Before this, United were heading for Aston Villa on Sunday in a foul mood and staring at a miserable Christmas Day if another defeat followed. Instead, despite Kroupi’s intervention, a single defeat in 10 games is a run that speaks of United’s upward trajectory under Ruben Amorim, though their defending is amateurish.
His side have scored the same 30 goals as Arsenal yet conceded 26, the same as Fulham who are 14th, eight places lower.
This game’s charge sheet featured silly errors from Luke Shaw and Diogo Dalot, questionable Senne Lammens goalkeeping, and leaden-footed positioning by Ayden Heaven and Leny Yoro. Amorim claimed he does not need to bolster the defensive ranks so the onus is on him to improve the current ones. The plus is United’s forward play. Twelve minutes in and Amad Diallo began and finished a move.
Along the right he pinged the ball to Casemiro who relayed it to Dalot along the left. A diagonal pass was dropped into Bournemouth’s area, Cunha missed a header and the ball hit Djordje Petrovic, leaving the goalkeeper helpless to prevent the Ivorian nodding in from under the bar.
The strike was the culmination of a bright United phase. Now, the first bit of dubious backline work. Antoine Semenyo hurled a long throw high into United’s area that needed Casemiro’s aerial acumen to clear. Then, when Justin Kluivert popped up on the right, a delivery picked out Marcus Tavernier whose close-range header was beaten out by Lammens before the ball went to safety.

Amorim’s setup was interesting, considering the hue and cry over his 3-4-3. Intrigue came in the warm-up when United had a quartet of defenders in luminous bibs. Was the head coach finally to send out a back four of Dalot, Leny Yoro, Ayden Heaven, and Shaw? The answer was no as Diallo then donned a bib. Yet while United defended in a five, when attacking, the No 16 pushed ahead to leave a four.
Diallo enjoyed himself before jetting off to join up with Ivory Coast at the Africa Cup of Nations in Morocco. A zigzag run took him into the area, before being thwarted by Adam Smith. And, next, a moment of fantasy that was a throwback to the great United sides. A no-look Cunha cross swerved on to the boot of a flying Bryan Mbeumo, whose volley came agonisingly close to thundering home.

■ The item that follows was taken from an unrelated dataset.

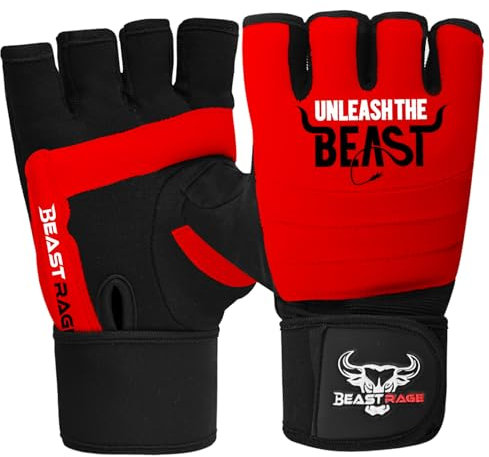 BEAST RAGE MMA guanti da boxe karate medi, per uomini e donne, Punch Bag Taekwondo Half Finger Kickboxing Sparring Martial Arts Boxing Training Gloves (rosso, L)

United were pummelling Bournemouth and still they conceded. Shaw was bullied by Kluivert on United’s left touchline. Smith fed Semenyo and, 40 yards out, he dashed in and beat Lammens, shooting across the keeper, into the corner. Shaw was as furious with himself as Amorim surely was.
Then came a Dalot-Semenyo flareup. The former shoved the latter over, backing in when the Ghana international was mid-air – so the forward grabbed his throat. Each was booked for their pains. The half ended sweetly for United. Fernandes’s corner from the left was headed in by Casemiro, past Petrovic’s powder-puff hands – and Shaw had an equal in the culprit stakes.

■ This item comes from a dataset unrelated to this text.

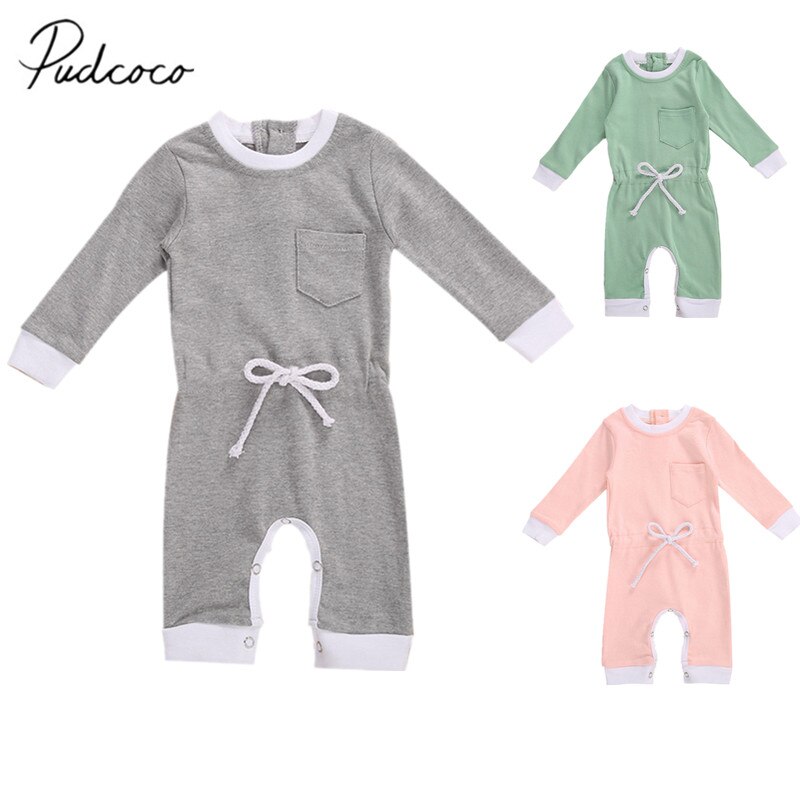Baby Baby Meisjes Jongens Solid Romper Lange Mouwen Elastische Taille Een Stuk Jumpsuit Met Front Pocket Lente Herfst Kleding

Bournemouth’s second equaliser was due, in part, to Yoro and Heaven whose defending was lax, plus a killer Tavernier pass that split the youngsters, and a cool Evanilson finish, who rolled the ball beyond the stationary Lammens – to his left.

If this left Amorim visibly stunned, further uncertain play – from Dalot – ceded possession and presaged Tavernier’s goal. The defender lost the ball and United were turned as he raced at goal, so Casemiro felled him. The Englishman’s free-kick was drilled past a United wall that had Cunha and Fernandes to the side and this error was compounded by Lammens, who allowed the ball to pass him down low.
United needed to locate some of the backbone Amorim likes to say they have. His team had allowed their grip to be loosened far too easily and on the hour, to a raucous cheer, the manager introduced Kobbie Mainoo for Casemiro. Could the 20-year-old, barely trusted by Amorim, help pull the contest from the fire? United did revive, Mbeumo, Mason Mount, Cunha and Fernandes all threatening.
Amorim sent for Sesko and the No 9 from Slovenia, who has had an injury-hit season, wished the ball fell to him when Mbeumo blasted over. Now came the helter-skelter ending.
The bottom line for United is a need for defensive solidity. Amorim’s system is supposed to give this but is just not doing so. Time for a rethink, Ruben? Of the injured Tyler Adams, Andoni Iraola said: “Its a twisted knee – we have to see.”